The purpose of these scriptures is to help ensure that there is a proper attitude toward God. God is the Giver of all authority (Romans 13:1), and it is really out of respect for the God-given office that the deference is shown.

John W. Ritenbaugh
Respect or Respect of Persons?

Related Topics: Authority | Disrespect | Rendering to Caesar | Respect


 

Psalm 78:40-42

Provoked means "rebelled against." Their disrespect and irreverence produced the fruit of limiting His willingness and power to provide for them in any situation. In their minds, they set boundaries upon what they thought He would or could do. The psalmist does not mean they literally hogtied God to keep Him from doing things, though the practical result of their relationship virtually amounted to that. However, in their lack of faith and fear of God and their failure to make practical use of His sovereignty over His creation and His willingness to help His people, they mentally drew lines, concluding that God could not or would not provide for them in their circumstance. Thus, they chose to arrive at their own solutions that resulted in sin and death. They were obviously not living by faith but by sight. Hebrews 4:1-2 confirms this was at the base of Israel's failure in the wilderness

John W. Ritenbaugh
The Sovereignty of God and Human Responsibility: Part Eleven

Proverbs 30:17

This verse describes a sobering end for those who fail to keep the fifth commandment. What a gruesome end for those guilty of this! In this figure of speech, an outward manifestation (a mocking eye) represents the unseen cause in the heart (scorn, disrespect). Over the short term, the inner cause produces stress-filled family disturbances. Over the long term, though, it produces even more distressing and serious consequences—even death.

John W. Ritenbaugh
The Fifth Commandment (1997)

Malachi 1:6-7

Malachi contains a powerful theme that applies to the end-time church. God charges the priests (ministry) with giving Him disrespectful service and despising His name. The priests ask, "How?" God replies that they consider His altar contemptible, as their poor quality offerings plainly show (verse 7). God calls their actions evil!
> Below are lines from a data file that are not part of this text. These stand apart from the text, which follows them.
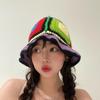 Spring and Summer New Famous Style Color Hand-knitted Bucket Hat Women's Sweet Versatile Face Small Color Matching Basin Hat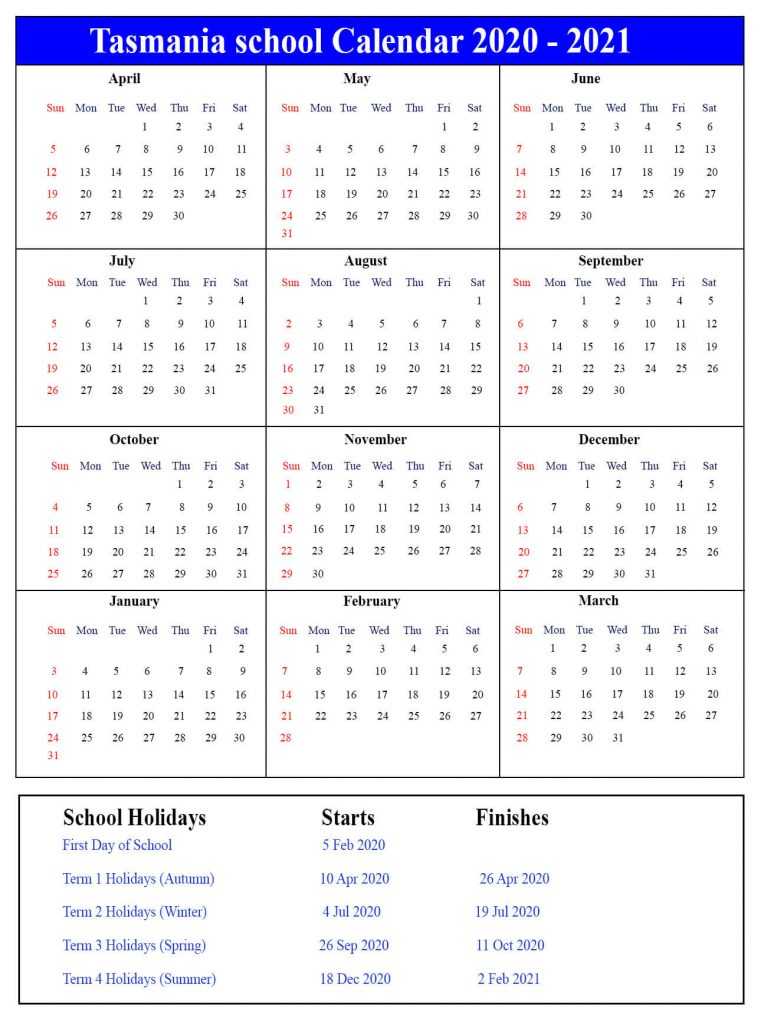 Tasmania School Calendar 2020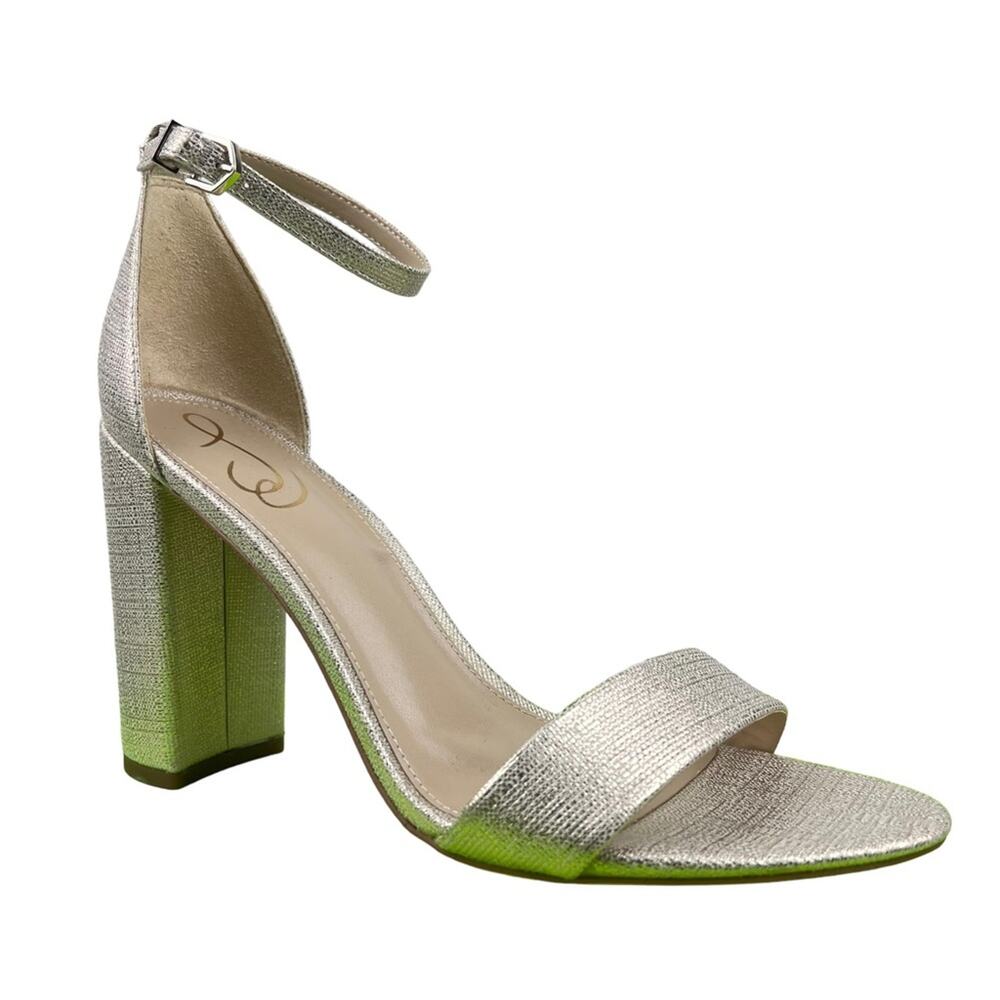 Sam Edelman Metallic Silver and Lime Green Block Heel Sandal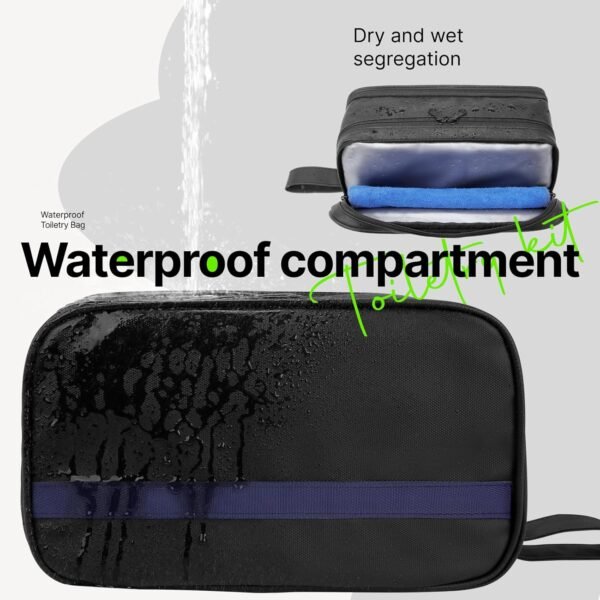 Toiletry Bag for Men - Travel toiletry bag men Wet and Dry Separation toiletry bag with Visual PVC Compartment Waterproof Material Double Zipper Extra compartments for neat organization. - Image 3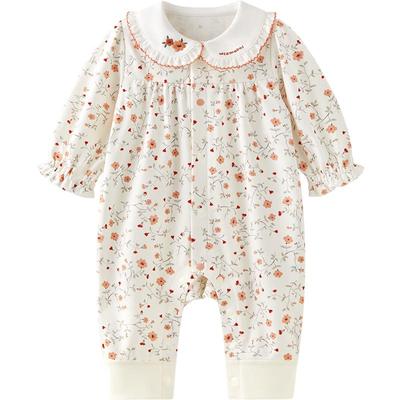 Baby Girls' Long-Sleeve Cotton Romper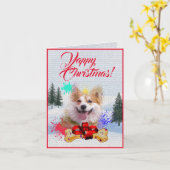 Aanpasbare Schattigee Corgi Dog Yappy Xmas Kaart (Gele Bloem)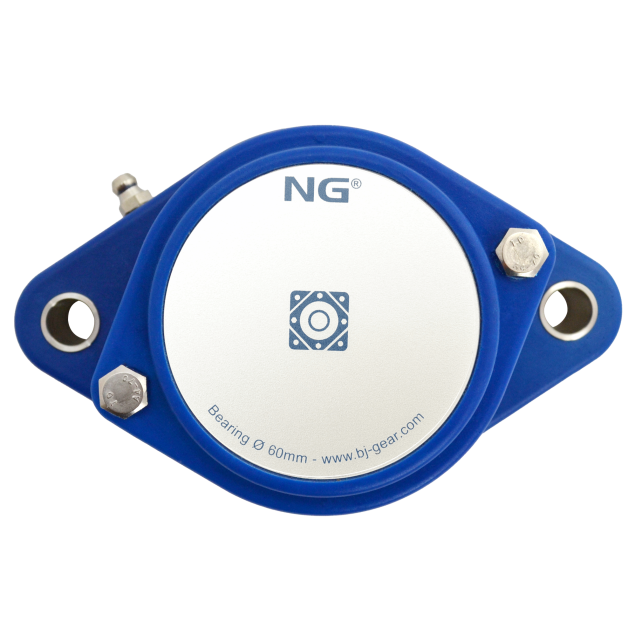 NG wasserdicht Flanschlager F2 Ø60, 2-Loch, geschlossen Deckel, blau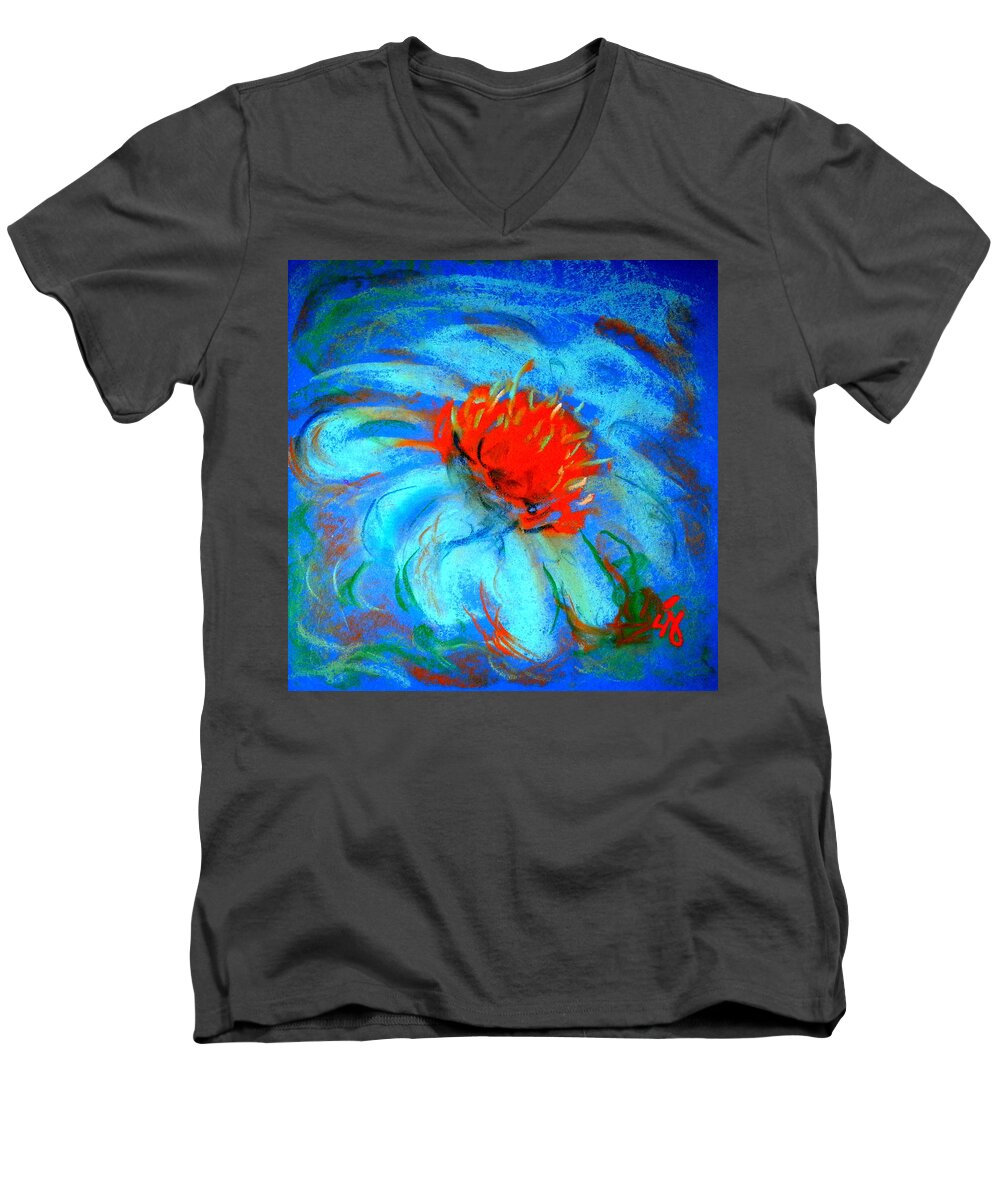 Daisy Men's V-Neck T-Shirt featuring the painting Just a Flower by Sue Jacobi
The altar represents the service they performed as ministers in behalf of God for the people, and the "food" is the Word of God. So bad is their attitude, the priests call their responsibility to offer up the best to God "a weariness" and sneer at it (verses 12-13)! In a modern context, too much time and effort are required to prepare meaty and true sermons.

John W. Ritenbaugh
Who Is Doing the Work of God?

Malachi 1:6

When this was written, it was directed at the priesthood of Aaron. The priests were coming under God's castigation here justifiably. God is creating a kingdom of priests, so we can extract things from this that are applicable to us. If we will take the warning that is contained here, it will very greatly affect the way that we use and keep His Sabbath.

What we are talking about here is disrespectful service that the priests—those closest to the sacred things—were performing before God. This is applicable to us because there is no one on earth that is closer to God in serving Him than His own people, His own sons and daughters. This is a warning to be careful that we are not defiling the Sabbath—treating it as common and giving Him disrespectful service.

John W. Ritenbaugh
The Fourth Commandment (Part 4)

Malachi 1:6-10

How does God react to those who should know better but live before Him a poor-quality life? Malachi 1:6-10 pictures God's reaction—He is not pleased.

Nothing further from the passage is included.